July 1, 2009
How well does the public sector serve your organisation?
We asked this question of LPL supporters some weeks ago through an online survey. Many thanks to all who responded. The findings offer a revealing snapshot of how some in our sector describe their relationship with local councils and other public bodies. Clearly all is not well in this relationship but neither is it all gloom and doom. It would be interesting to revisit this survey when we are a couple of years into the next public spending regime
Local People Leading asked EKOS to help to gauge the views of supporters on how well local public bodies are serving the community and voluntary sector in Scotland.
We received a total of 73 responses by way of an online survey. The responses came from community groups, voluntary organisations, and social enterprises across Scotland.
The survey provided a revealing snapshot of the ambitions and progress of organisations, their relationships with local public bodies, and their ability to work with the public sector to make a difference locally.
The survey highlighted a number of main findings:
• Organisations are generally very ambitious to bring about change for their community. Their focus is on enabling more people to get involved in local decision-making, to introduce or extend local service provision, and to influence the way that public services are delivered.
• Organisations are generally positive about their recent progress. Almost three-quarters of survey respondents (71%) felt that they had been fairly successful or very successful in progressing their ambitions over the last 12 months.
• However, a number of main challenges have impacted on the recent success of organisations. These challenges relate largely to the changing public sector landscape in Scotland and the accompanying uncertainty, reduction in funding levels, new demands, and resource constraints that are arising for the sector.
• Despite these changes and challenges, organisations still remain generally optimistic about their future prospects. Almost three-quarters of survey respondents (74%) were very or fairly confident that they will be successful in progressing their ambitions over the next 12 months.
• Organisations are generally close to or rely on the public sector in a variety of ways. All of the organisations that responded to the survey had direct dealings, to a lesser or greater extent, with local statutory bodies.
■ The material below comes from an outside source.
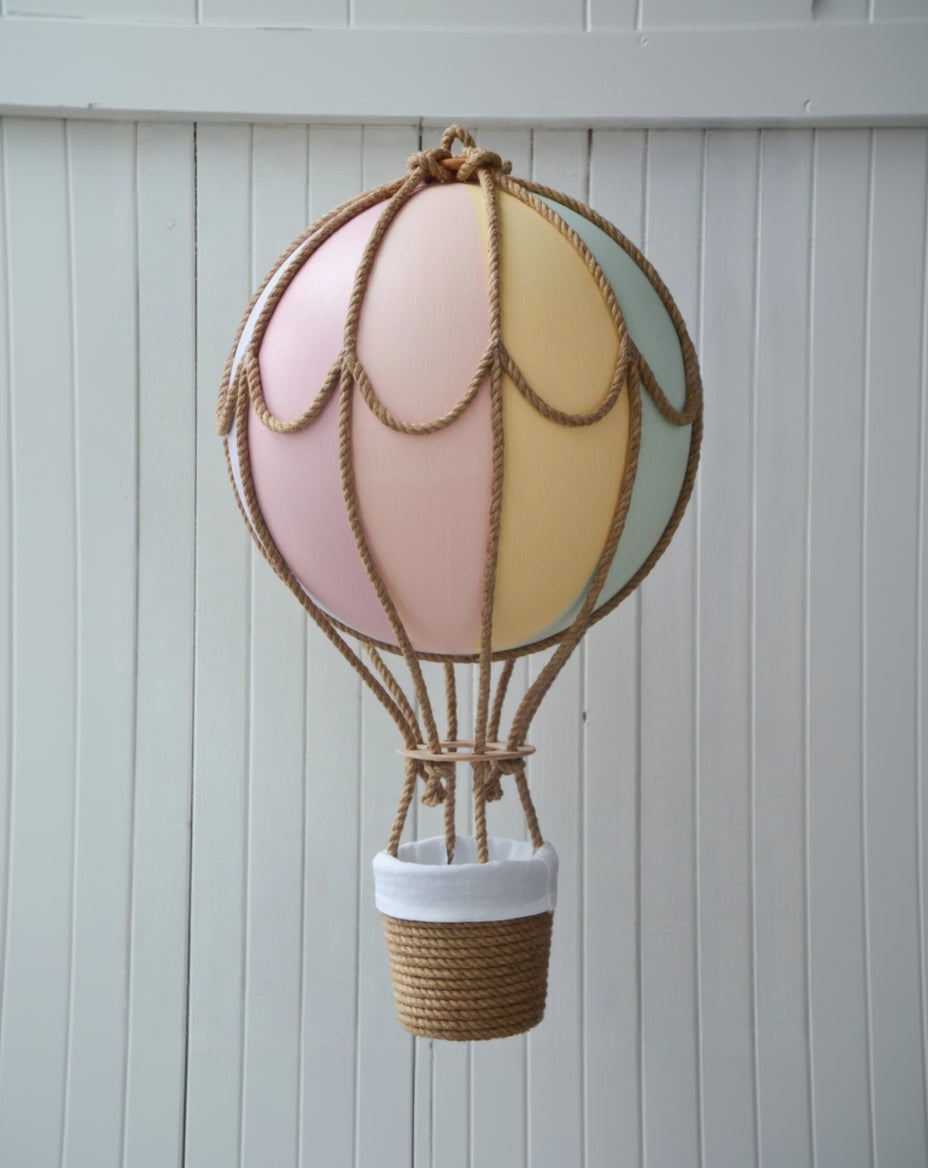 Hot Air Balloon Decoration (Size M)
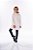 Calça Legging Infantil Kiki Xodó - Imagem 3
• While generally knowledgeable about local public policy priorities, structures, and procedures, there are some important gaps in the sector’s understanding. There was notably less familiarity reported in relation to: opportunities to get involved in Community Planning processes; the way in which public service contracts are awarded; and the local priorities now being set out in Single Outcome Agreements.
• Significant concerns have been expressed by organisations in relation to their dealings with local public bodies. In particular respondents highlighted: an inability to secure long-term funding; the limited availability of capacity building assistance locally; and the inability to fully recover overhead costs from public contracts.
• Concerns have also been expressed regarding the influence of the community and voluntary sector in public decision-making. Less than one-quarter of respondents (22%) reported satisfaction with their ability to influence the decisions of public bodies.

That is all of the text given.